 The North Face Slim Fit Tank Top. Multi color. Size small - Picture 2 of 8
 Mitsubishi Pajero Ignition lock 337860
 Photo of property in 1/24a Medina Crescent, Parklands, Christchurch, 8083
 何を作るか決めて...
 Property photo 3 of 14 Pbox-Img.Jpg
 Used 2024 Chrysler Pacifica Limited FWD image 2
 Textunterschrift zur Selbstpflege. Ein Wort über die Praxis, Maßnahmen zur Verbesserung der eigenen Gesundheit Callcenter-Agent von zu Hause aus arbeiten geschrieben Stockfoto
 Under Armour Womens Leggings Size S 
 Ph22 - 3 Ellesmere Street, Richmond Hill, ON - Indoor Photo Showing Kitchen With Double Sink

Your assignment
Your task is to transcribe the line containing "何を作るか決めて..." and every line after it, through the last line of the data, exactly as written and with nothing more.

Problem solution
 何を作るか決めて...
 Property photo 3 of 14 Pbox-Img.Jpg
 Used 2024 Chrysler Pacifica Limited FWD image 2
 Textunterschrift zur Selbstpflege. Ein Wort über die Praxis, Maßnahmen zur Verbesserung der eigenen Gesundheit Callcenter-Agent von zu Hause aus arbeiten geschrieben Stockfoto
 Under Armour Womens Leggings Size S 
 Ph22 - 3 Ellesmere Street, Richmond Hill, ON - Indoor Photo Showing Kitchen With Double Sink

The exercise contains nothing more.